A patent that Mazda filed with the US Patent and Trademark Office, published on July 2, 2026, has set off a familiar round of sports-car speculation. The drawings show a small, low convertible with doors that swing outward and upward, and the coverage that followed reached the obvious conclusion: the next Mazda sports car might get butterfly doors.
Autoblog framed it as a possible feature of the next MX-5 Miata.
Those doors are real, and they are in the filing. What gets lost is that they are almost a footnote to what the patent is about, and the car in the drawings does not match the concept everyone keeps pointing to. Read the document rather than the headline and a more grounded story appears.
Key Takeaways
- The patent is US 2026/0184373 A1, “Body Structure for Vehicle,” assigned to Mazda Motor Corporation, filed December 18, 2025, and published July 2, 2026.

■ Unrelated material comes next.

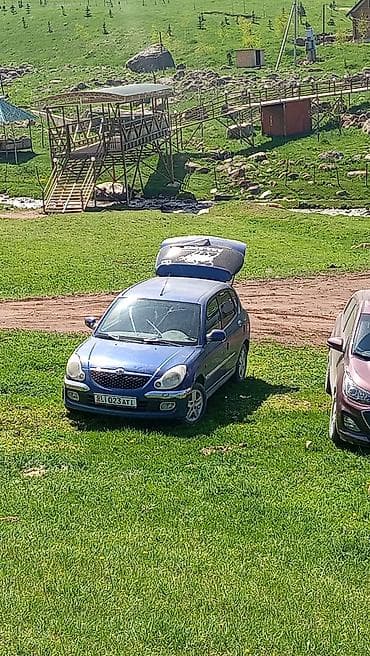 geely galaxy e5: Хэтчбек компакт‑класса, темно‑синего цвета, на грузинских номерах 01 — 5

- Its main subject is a frontal-crash load path, not the doors. The abstract describes how a front frame channels collision energy toward the rear of the car through the side sills.
- The doors appear as a consequence of the structure. The filing describes “a flip-up side door” that moves “outward and upward like a scissor door or a butterfly door.”
- The drawings show a front-engine, rear-drive convertible with a longitudinal four-cylinder, which points away from the rotary Iconic SP concept and toward something Miata-shaped.
- A patent is not a product. Automakers file body-structure patents routinely, and nothing here confirms the mechanism reaches any showroom.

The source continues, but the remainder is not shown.